AIEOP, BFM, and DCLSG contributed to the study conducted in the early 1990s, which showed that PCR-MRD measured at days 33 and 78 of induction therapy allowed identification of 3 prognostic groups, respectively, with very good prognosis (MRD-SR), intermediate prognosis (MRD-IR), and dismal prognosis (MRD-HR).9  In the context of that study, 43 patients with T-ALL treated according to ALL-BFM 90, or AIEOP-ALL 91, or DCLSG-ALL 8 protocols had full information on MRD: 23% were found to be MRD-SR, 49% MRD-IR, and 28% MRD-HR (compared with the distribution in pB-ALL of 46% in SR, 43% in IR, and 11% in HR) and their 5-year relapse-free survival was 100%, 76%, and 0%, respectively.15  In these patients, according to study design, MRD was not used for tailoring treatment, but approximately two-thirds of MRD-HR T-ALL were treated in the HR arm because of PPR. However, the HR treatment for ALL-BFM 90 or AIEOP-ALL 91, based on block therapy, included neither the induction consolidation phase IB nor protocol II; consequently, the resulting outcome was not satisfactory.32,33  In the subsequent ALL-BFM 95 and AIEOP-ALL 95 studies, treatment for HR patients was modified during consolidation blocks and by introducing one (BFM) or 2 (AIEOP, together with protocol IB) “delayed intensifications” (protocol II), with the result of an improved outcome for these patients.8,34 

In the year 2000, AIEOP and BFM started a common prospective study in which children with newly diagnosed ALL were stratified on the basis of PCR-MRD analysis performed at the same 2 time points.16  In this study, patients at HR, also those at HR only for MRD findings, received treatment based on the 1995′ approach. The information gathered from the AIEOP-BFM ALL 2000 study allows for the first time to investigate the actual MRD response pattern in a cohort of patients, which may be considered adequate both for the number of patients and the quality of treatment. Moreover, it provides new information, which may be useful to clarify the conflicting results on the prognostic role of maturational stage in T-ALL.

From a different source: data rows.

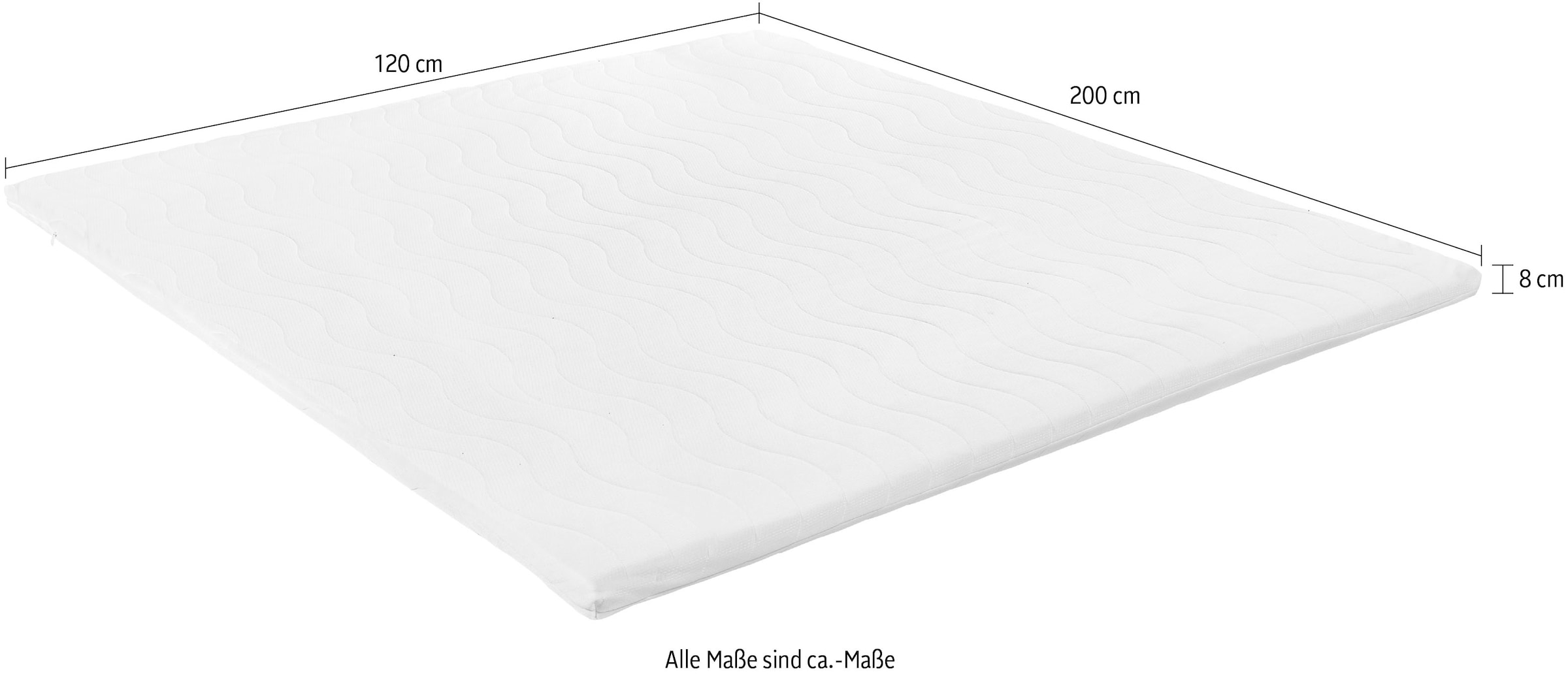 set one by Musterring Topper »Fairfield«, (1 St.), mit Viscoschaumfüllung, Bezug waschbar, Höhe 8 cm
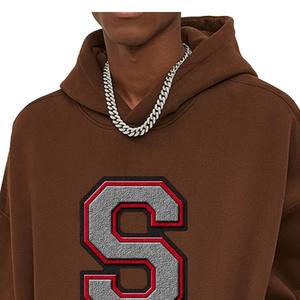 Sweat-shirts pour hommes en chenille brodée, 100% coton, manches longues, anti-rides, qualité supérieure, écologiques, vêtements décontractés pour l'hiver - Product Image 3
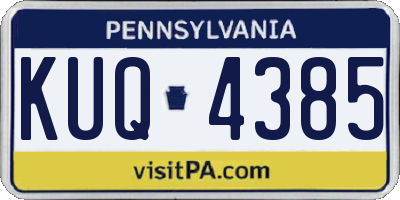 PA license plate KUQ4385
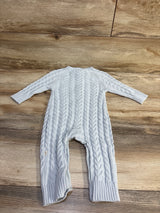NEW Elegant Baby Cable Knit Coverall Blue sz 6-9m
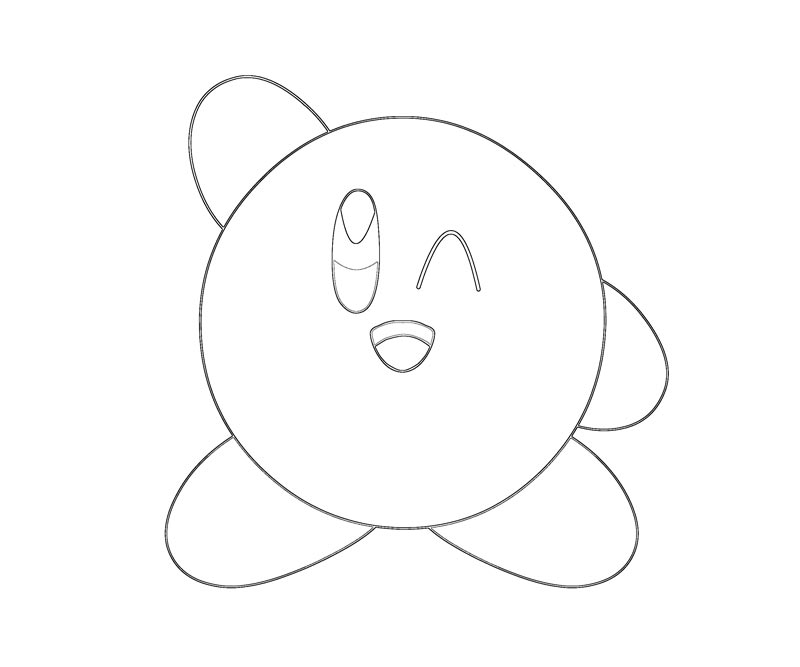 13 Kirby Coloring Page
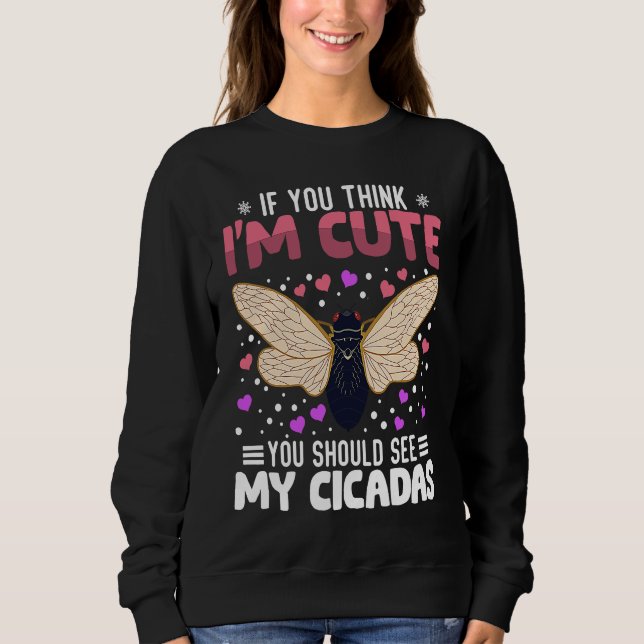 Camiseta Cicadas Heart Valentine's Day Animal For Womens Ki (Frente)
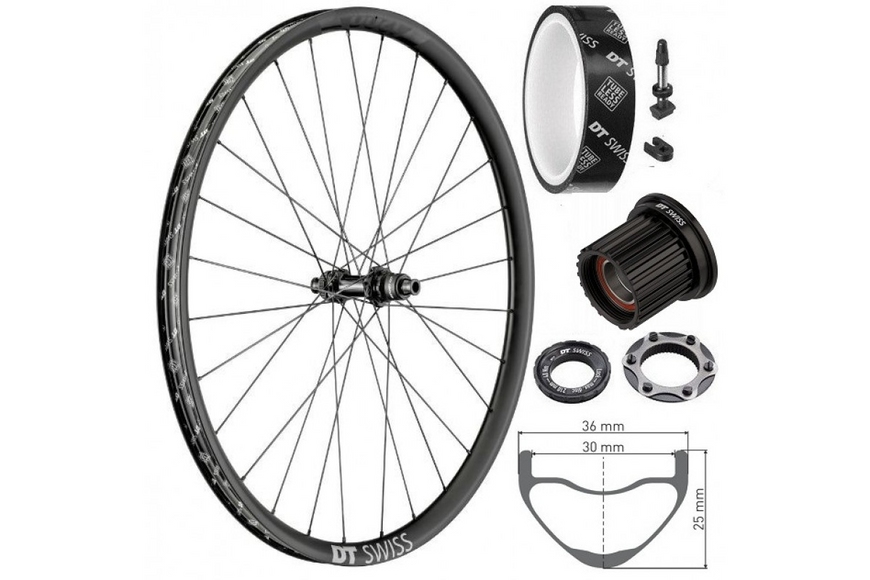 Колесо заднее DT Swiss XRC 1200 SP 29 CL 30 12/148 Carbon WXRC120TEDRCA09794 фото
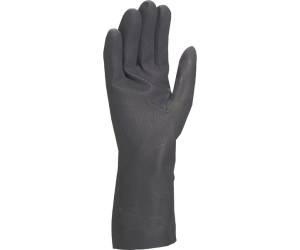 Guanti per protezione chimica VE509 neoprene floccato cotone taglia 09,10 nero - 3306 - 1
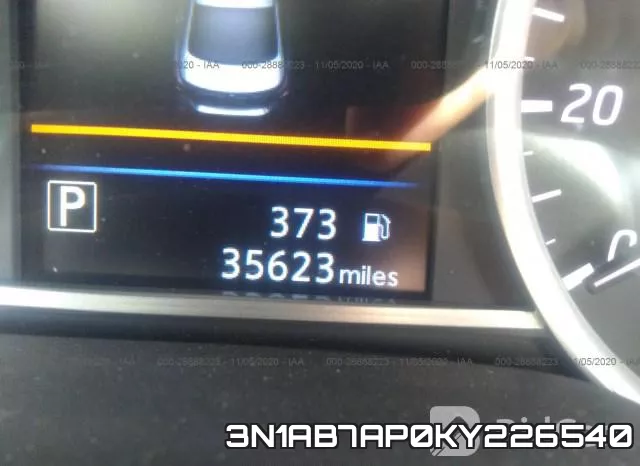 3N1AB7AP0KY226540 фото 8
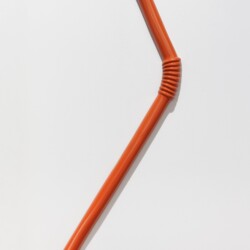 Rallou PANAGIOTOU "Solid Twice (orange)", 2017, Aluminum cast, Volkswagen car paint, ca. 95 x 24 x 4 cm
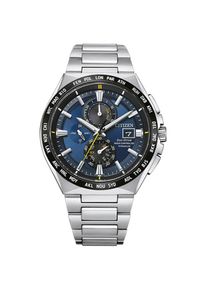 Citizen , Funkchronograph, Armbanduhr, Herrenuhr, Solar, Stoppfunktion , silberfarben , Exquisiter Herrenfunkchronograph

Indeed, the results of the present study show that MRD risk groups defined by MRD levels at the end of induction (day 33) and after induction-consolidation (day 78) compose the most powerful independent prognostic factor for relapse in T-ALL, as it is for pB-ALL.14  However, in contrast to pB-ALL, MRD in T-ALL has also an impact on the incidence of relapses with extramedullary components. The percentage of this type of relapses in our T-ALL cohort increases from 2.7% in MRD-SR to 9.6% in MRD-IR, and to 18.6% in MRD-HR patients, whereas corresponding values in pB-ALL were 2.1%, 6.0%, and 5.8%, respectively.14  Of note, all patients at MRD-HR received maximal treatment for prevention of central nervous system relapse, including high dose of MTX and of cytosine arabinoside, and cranial radiotherapy.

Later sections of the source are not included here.